Before deploying NIM on Run:ai, make sure you have the following:

Run:ai access (SaaS or self-hosted) with GPU capacity for inference workloads
Access to a Run:ai project where you can create inference workloads
An NGC API key for pulling NIM container images and downloading model artifacts

Note

For Run:ai platform setup and operations guidance, refer to the Welcome to NVIDIA Run:ai Documentation.

Deploy NIM on Run:ai#

For baseline Run:ai workflow details, refer to Deploy Run:ai Inference Workloads with NVIDIA NIM.

In the Run:ai UI, create an inference workload with the following settings:

Create a new inference workload.
Select NVIDIA NIM as the inference type.
Set the workload name and credentials.
Set the required GPU count for your model.
Optional: Use advanced settings to specify a custom NIM image.
Create the inference workload.

Tip

Start with one GPU and scale after you confirm successful model loading and readiness.

Enable LoRA on Run:ai#

Note

This section is optional.

Run:ai supports mounting a data source, such as a Kubernetes PVC in a Kubernetes-based cluster.
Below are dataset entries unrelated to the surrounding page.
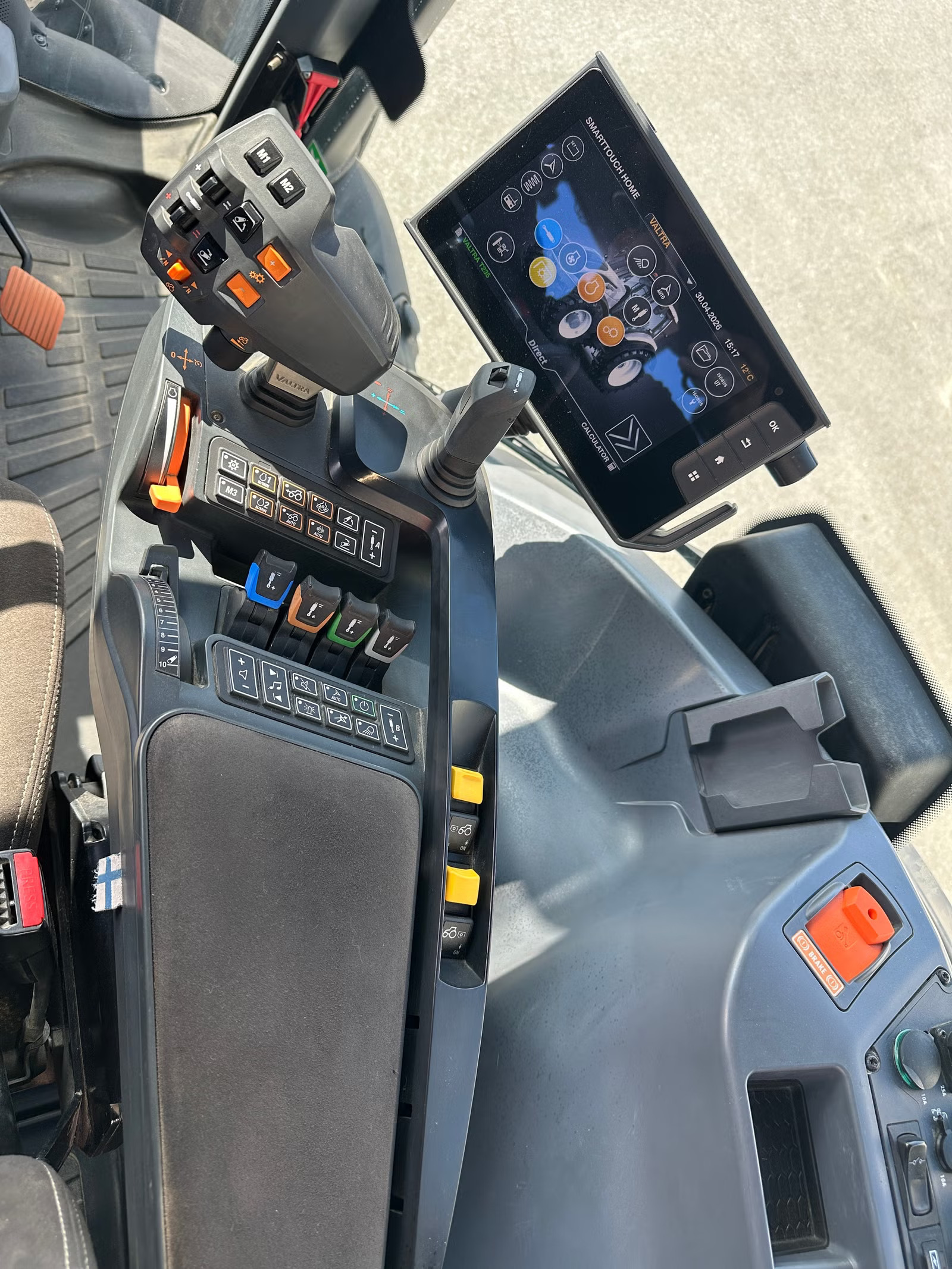 Valtra T235 Direct, Anul 2024 - imagine 14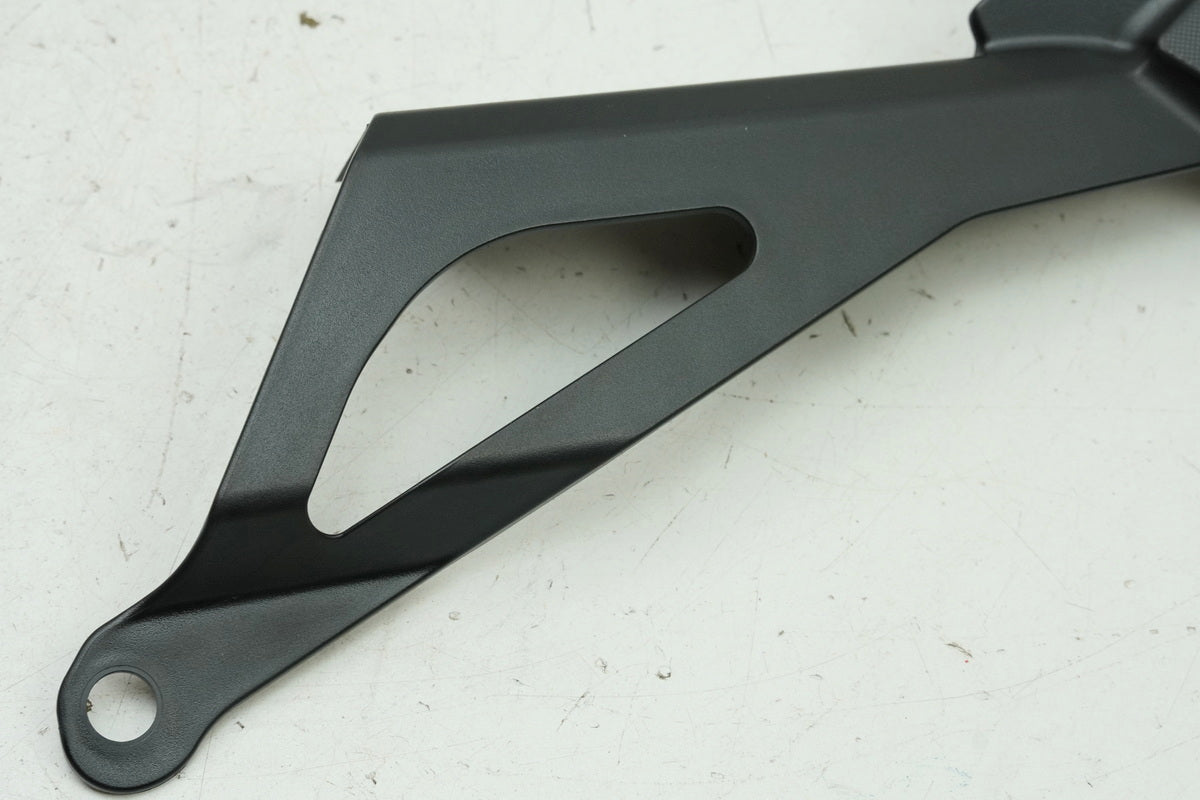 YAMAHA MTN 1000 MT-10 RN78 Chain Guard Front Chain Case Cover Swingarm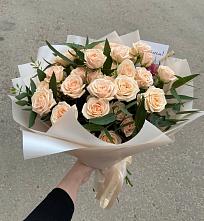 Букет Кремовые розы Латте в Пестяках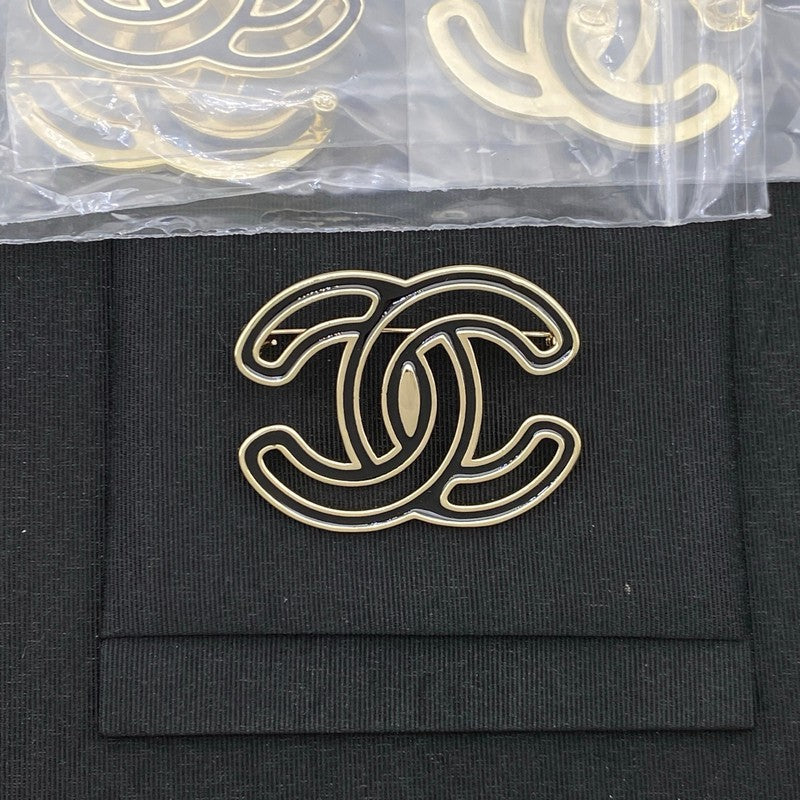 CC Black Hollow Gold Brooch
You can use this flow to provide LoRA adapters to NIM.

Create a Data Source#

In the Run:ai UI, open Workload Manager > Assets > Data & Storage > Data Sources, and then create a new PVC-backed (or equivalent) data source.

When Run:ai uses a Kubernetes cluster, it creates a PVC for the data source. Populate that volume with LoRA adapter files using the same directory structure described in Enable LoRA with Helm:

/loras/
  adapter_name/
    adapter_config.json
    adapter_model.safetensors   # or adapter_model.bin

Deploy NIM with LoRA Configuration#

Create or update the inference workload, and then:

Set NIM_PEFT_SOURCE to /loras in runtime environment variables.
Attach the Run:ai data source and mount it at /loras.
Create the inference workload.

Note

If the mounted data source does not contain adapter files, NIM starts normally, but no LoRA adapters are available at runtime.

Verify Deployment#

Verify workload readiness in the Run:ai UI. A healthy deployment shows the inference workload in a ready state. To confirm that the NIM service is responding, call the readiness endpoint from a client that can reach the workload endpoint. A healthy deployment returns an HTTP 200 response from /v1/health/ready.